We've all heard a lot of odd myths about food, like, "Carrots can help you see in the dark," and "Don't eat watermelon seeds, or one'll grow in your stomach!" Are any of them true? Let's look at the facts:
- Let's start with the watermelon seed and a watermelon growing in your stomach. That's False. Without oxygen, sunlight, and a lot more time, no seed in your stomach will sprout - let alone grow to full size. In fact, watermelon seeds are a good source of potassium, magnesium, calcium, iron, zinc and B vitamins, as long as you chew them. A lot of people toast and eat them the same way they do pumpkin seeds.

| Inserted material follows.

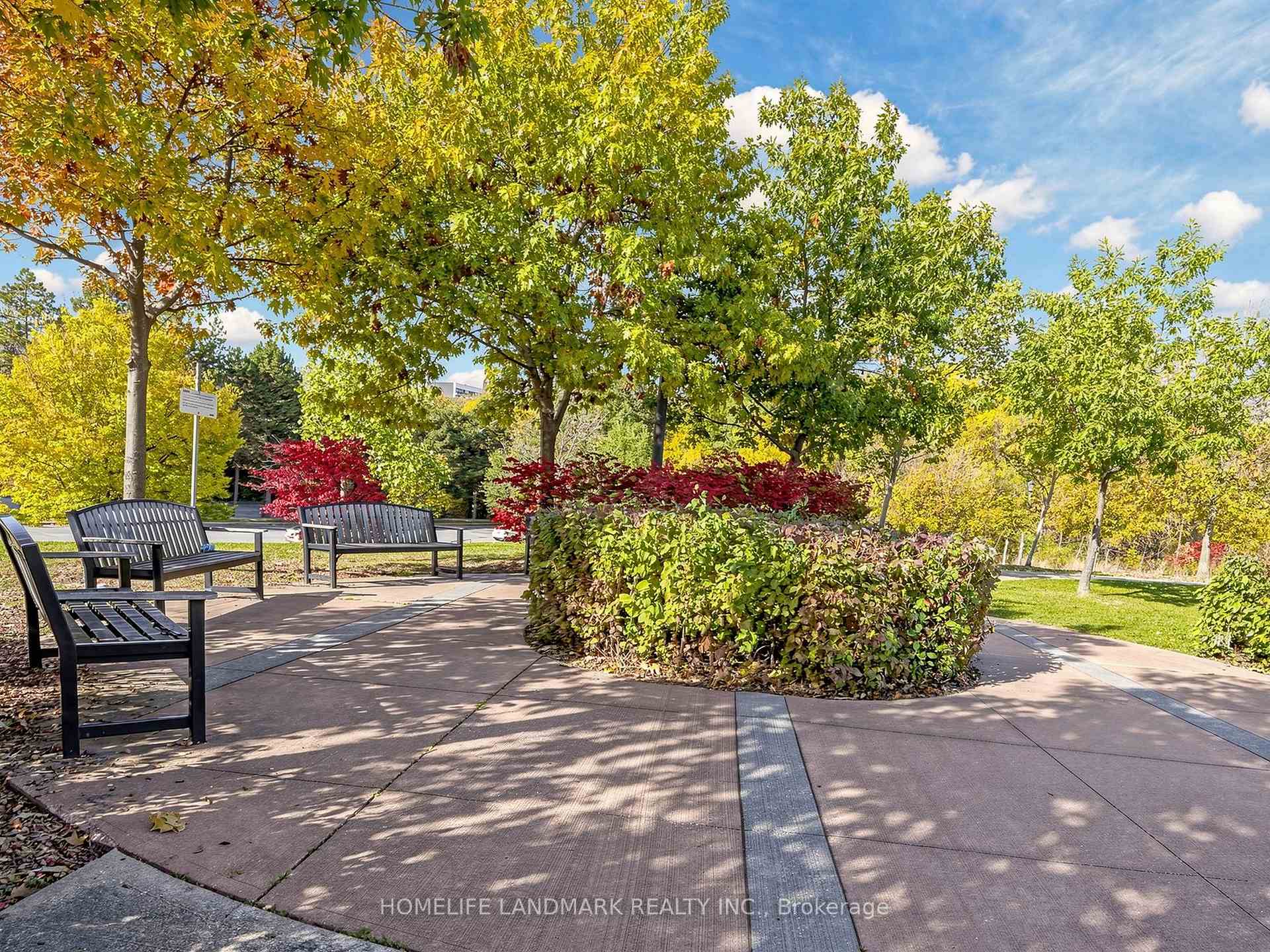 Photo 48 of 60 Delabo Drive, North York, York University Heights — HOMEH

- The next food myth: Eating carrots improves your eyesight, and helps you see in the dark. True and False. Carrots are good for your eyes, but the myth about nighttime sight started during World War Two when the British government didn't want Germany to know they had developed radar to help them shoot down enemy planes. So, they planted stories in the papers about a pilot who credited his fighter-pilot skills to his love of carrots packed with Vitamin A and beta-carotene.
- Another food myth: Bread crust will turn your hair curly. That's False. The foods you eat have no effect on how straight or curly your hair is. Here's a fact: Most of the nutrients in bread are in the crust. Researchers in Germany found that bread crust has more fiber, and eight times more cancer-fighting compounds than the rest of the loaf.
- So, does eating cheese before bed cause nightmares? Not really. The myth comes from Charles Dickens's A Christmas Carol, where Scrooge blames his nocturnal visitations on eating "a crumb of cheese" before bed. However, researchers gave 200 people cheese every night before bed, and found no increase in nightmares.
- The final food myth: Spinach will give you muscles like Popeye. False. Spinach was originally picked as Popeye's power source because of a study that mistakenly said it had 10 times more iron than it actually does. By the time the mistake was corrected in 1937, Popeye had already been gorging on the stuff for years. However, spinach contains vitamins and antioxidants that can lower your cholesterol, reduce your risk of osteoporosis, cancer, and heart disease, and prevent the effects of aging on your brain.